1. I believed all people could do what I had done and was doing. That is to say, ‘if I could do it anyone could do it.’ Truth is anyone can do what they set their minds to IF THEY WANT TO BAD ENOUGH, but unfortunately, not everyone will. My thought process had reduced the position of a leader, in this case my leadership, to someone that had no talent, skill or ability above anyone else. This is not true. What I have come to know and what most who lead know is not all are leaders and therefore, those who lead are in fact special.

2. I had hired leaders whom I expected to lead, but they did not have a vision for leading that specific company as it was not their vision to start the business from the beginning. This meant I had needed to impart my vision. The problem was I did not. They either floundered and failed or took the business in a direction which worked for them, not for me.

3. I had not been diligent to follow up with all of the leaders with regard to what was going on and if I agreed with what was being done. Another way of saying this is, “I did not inspect that which I did expect.”

4. When running and pastoring the church, I had felt as if MONEY was not an issue. Little did I know that the handling of money given by others carried with it great responsibility and importance. This called for the money to be used just as wisely as one would invest for one self. By not taking the leadership, I was not overseeing the wise use of that which had been given. In previous encounters I had come to the realization that money could and would separate friends. Due to my previous encounters, which wound up devastating friendships, I did my best not to allow this to happen. What I mean by this is I made the choice to allow others to take advantage of me and all of the businesses for which I was responsible. In doing so I put the livelihood of my employees in jeopardy. I finally came to realize that true friends do not “use” their friends for their own benefit. I can to the conclusion that doing what I was doing was in essence buying friends. If you are a person of character, YOU don’t need to buy your friends.
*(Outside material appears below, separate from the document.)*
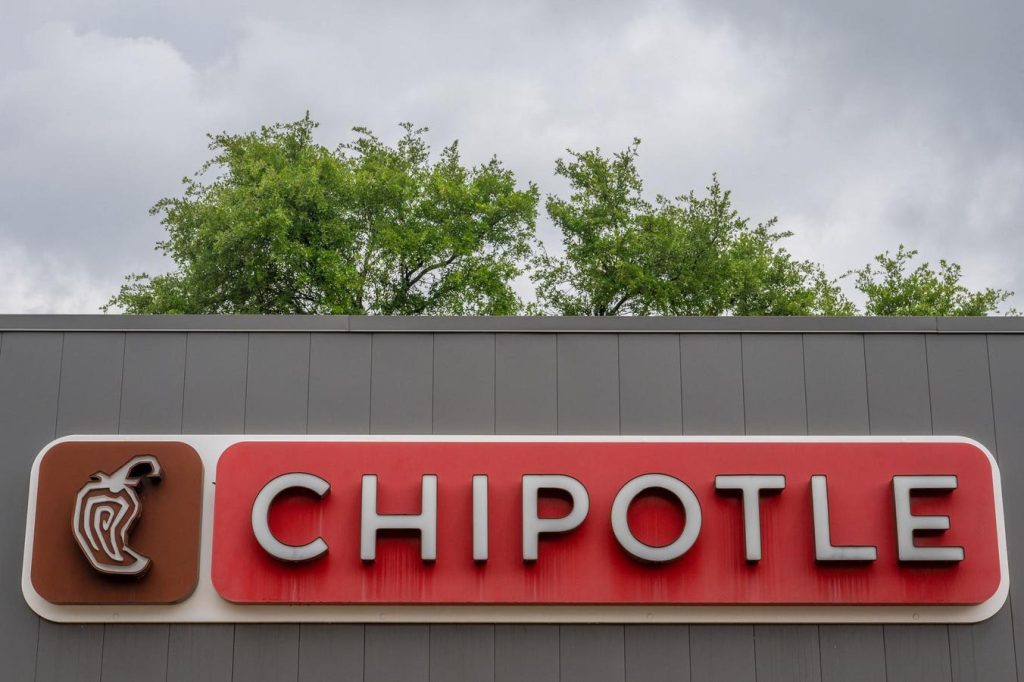 Up 30% This Year, Will Chipotle Stock Rally Further Following Q3 Results?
Had I taken this approach on any of the businesses or with regard to the church, I would have been a better leader for having recognized my responsibility to conduct the train in the best and most effective manner. I would have better dealt with those causing schism rather than using my nice guy approach, which allowed the trouble makers to stay around and thus cause the good to leave. By doing what I thought was ‘responding in love’, I was not leading. Had I been leading I would have been protecting the congregation as well as those businesses for I would have removed the schism. Had I taken the time to write my vision and impart it to the conductor I had hired to conduct my train, this would have made managing the expectations quite easy. At the time, doing all of that looked insurmountable and overwhelming therefore; I left the ‘management’ to the hired leader. We already know where that went.

It is important to recognize how all of this applies to your personal life as well. You must take control of your train. You must not allow others, even though you respect them, to get you off track. You must remain steadfast to your vision or you will be lead astray by the whims of those not knowing what is best for you – nor should they for it is your train.

I only wish this would have been as clear those many years ago as it appears to be now for it would have greatly reduced the amount of emotional and financial upheaval, which I have put my wife and myself through. Life however, is about learning – sometimes the lessons are harder for some than for others – guess I am one of those with a hard head.